FOUR PAWS ON STRIDING EDGE

Image for article FOUR PAWS ON STRIDING EDGE

Graham Thompson, Technical Editor of Trail Magazine is also a fully-qualified expert in pet behaviour. This issue Graham considers taking dogs onto technical terrain.


Walking in the hills may follow simple paths but sometimes can involve tackling more technical terrain, and amongst the questions I’m often asked is a recurring one along the lines of, “Can I take my dog along Striding Edge on Helvellyn?”

Striding Edge is a narrow, rocky ridge on the route leading from Glenridding to the summit of Helvellyn.
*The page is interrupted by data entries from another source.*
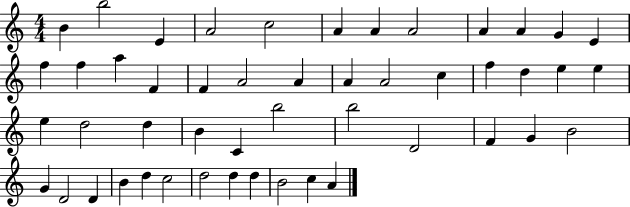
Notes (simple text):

B4/q B5/h E4/q A4/h C5/h A4/q A4/q A4/h A4/q A4/q G4/q E4/q F5/q F5/q A5/q F4/q F4/q A4/h A4/q A4/q A4/h C5/q F5/q D5/q E5/q E5/q E5/q D5/h D5/q B4/q C4/q B5/h B5/h D4/h F4/q G4/q B4/h G4/q D4/h D4/q B4/q D5/q C5/h D5/h D5/q D5/q B4/h C5/q A4/q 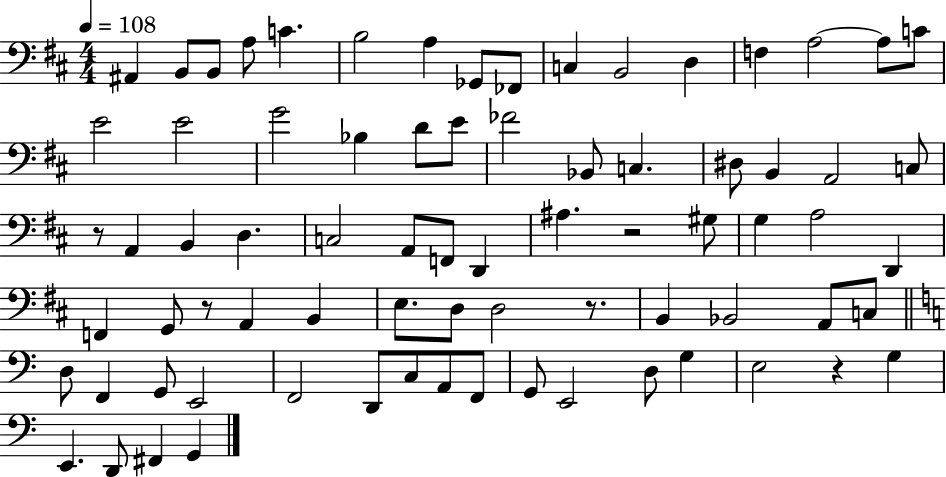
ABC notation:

X:1
T:Untitled
M:4/4
L:1/4
K:D
^A,, B,,/2 B,,/2 A,/2 C B,2 A, _G,,/2 _F,,/2 C, B,,2 D, F, A,2 A,/2 C/2 E2 E2 G2 _B, D/2 E/2 _F2 _B,,/2 C, ^D,/2 B,, A,,2 C,/2 z/2 A,, B,, D, C,2 A,,/2 F,,/2 D,, ^A, z2 ^G,/2 G, A,2 D,, F,, G,,/2 z/2 A,, B,, E,/2 D,/2 D,2 z/2 B,, _B,,2 A,,/2 C,/2 D,/2 F,, G,,/2 E,,2 F,,2 D,,/2 C,/2 A,,/2 F,,/2 G,,/2 E,,2 D,/2 G, E,2 z G, E,, D,,/2 ^F,, G,,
There is a Public Right of Way along the ridge, so you and your dog certainly have a right of access to the ridge and plenty of dogs do follow this route. However Striding Edge is exposed with big drops in places, so it is not a route to be followed without careful consideration of your own abilities or those of your dog.

The first consideration is your own ability to tackle the route, as the dog may be entirely reliant on your judgement and abilities to manage its progress along the ridge. Dogs can easily sense their owner’s stress and so if you are frightened on Striding Edge, then your dog will probably be more anxious too and this could cause you both to have difficulties. So I’d firstly recommend you tackle the route yourself before taking your dog along, unless you have done lots of similar routes of course and are well aware of your skill levels and are confident on grade one scrambles and other rocky ridges.

Your dog’s physical and psychological ability also has to be careful considered. It is generally not recommended that dogs tackle long mountain days until they are at least one year old because they may not have the physical development to prevent injuries to themselves on such challenging terrain. But even older dogs may struggle on Striding Edge if they are not fit, agile and used to scrambling over rocky ground all day and it is common for less well prepared dogs to develop sore foot pads and extreme fatigue which may mean the dog just wants to stop and lie down halfway along the route. Other dogs may be just too frightened by the exposure, or the mental demands of trying to find a route over the boulders. So I’d recommend you build the dog up to the challenge by first taking him/her on smaller rocky ridges and then gradually working up to Striding Edge.

The size and weight of the dog is particularly important to consider here. A small dog can easily be carried by its owner, but it would take a team of people to carry a 40kg dog such as a healthy male Rhodesian Ridgeback off the mountain!

To keep your dog safe, a Ruffwear Webmaster Harness is an ideal piece of kit as it allows you to assist the dog over terrain without pulling on the dog’s neck collar, which could be painful and stressful for the dog.

So only you can decide if you and your dog are ready for Striding Edge, but for those that are well prepared it is certainly a great day out.